Business

Pacific deal will boost exports for small businesses: report

The Obama administration is touting the export benefits of an Asia-Pacific trade pact for the nation’s smaller businesses in its efforts to promote the agreement to wary congressional lawmakers.

Commerce Secretary Penny Pritzker said small- to medium-sized businesses are the “biggest beneficiaries” of the Trans-Pacific Partnership (TPP) trade agreement and that failing to ratify the deal would broadly hurt the U.S.’s reputation in the rapidly growing Pacific region.

{mosads}“If we cannot cross the finish line with TPP, the 11 other countries who negotiated with us, and, in many cases, made great sacrifices to reach this agreement, will be forced to rethink that faith in U.S. leadership,” Pritzker said during a Monday event on Capitol Hill.

Pritkzer argued that her conclusion isn’t mere speculation, because leaders from several TPP trading partners have made it clear that a U.S. failure to ratify the deal before President Obama leaves office “will require them to hedge their bets and consider closer relations with others in the region” like China.

Ahead of Pritzker’s remarks, the Progressive Policy Institute (PPI) released a new policy memo highlighting the experiences of seven companies that discuss how the TPP will boost their exports.

Without the Pacific deal, those small- and mid-sized business say they face a number of hurdles to ramping up their exports including pre-internet customs rules, high tariffs and other barriers.

Report author Ed Gerwin, senior fellow for trade and global opportunity at the PPI, said the TPP is “a vital, practical tool for eliminating foreign trade barriers and for opening up significant new opportunities for U.S. small businesses to grow by selling goods and services to key markets around the Pacific Rim.”

“When Americans think of trade, we tend to focus on large, world-leading multinationals,” Gerwin wrote.

“We usually don’t think of a small food exporter like Pacific Valley Foods, which started in a couple’s home office, or of The Pro’s Closet, an online global reseller of used biking gear founded by a pro cyclist,” he said in the report. 
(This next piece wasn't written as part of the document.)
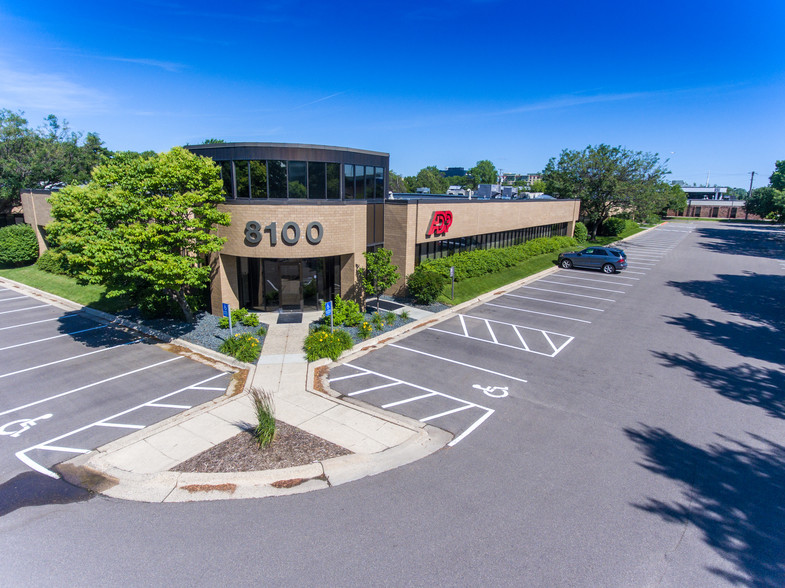 8100 Old Cedar Ave, Bloomington, MN en alquiler - Foto del edificio - Imagen 1 de 11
“But, like these businesses, 98 percent of U.S. exporters are actually small- and medium-sized enterprises, and these smaller traders account for over one-third of U.S. exports.”

Obama wants the TPP passed before he leaves office, but the agreement faces an uphill battle on Capitol Hill, with many opponents calling the deal a corporate power grab that hurts most workers and leads to lower incomes.

Both presidential candidates — Democrat Hillary Clinton and Republican Donald Trump — oppose the TPP and got into a heated exchange during Monday night’s presidential debate over the direction of U.S. trade policy.

“Today, although we live in a very different time, the United States is once again called to choose between retreating into isolationism or embracing our position and influence in the world,” Pritzker said during the PPI event.

“The choice is clear: We must choose engagement over isolationism. We must choose prosperity over protectionism. We must choose the Trans-Pacific Partnership,” she said.

In a recent survey of small-business leaders, 66 percent of those who trade support the TPP and 69 percent agree that increasing international trade will create jobs in the United States.

Seven in 10 small-business leaders, 71 percent, say increasing trade between the United States and other countries will improve the economy overall, according to the survey conducted by Morning Consult with FedEx.

Another report from the Information Technology and Innovation Foundation argues that most of the criticism leveled against the TPP is “misguided, overstated or just plain wrong.” 

The report concludes that critics are “overreaching” and the agreement as a whole represents a significant step forward in establishing competitive, market-based terms of trade throughout the Asia-Pacific region.

“Simply put, the TPP will allow us to shape the rules of the global economy, to advance our economic strengths and values while protecting American companies from unfair trade,” Pritzker said. “We cannot let this opportunity pass us by.”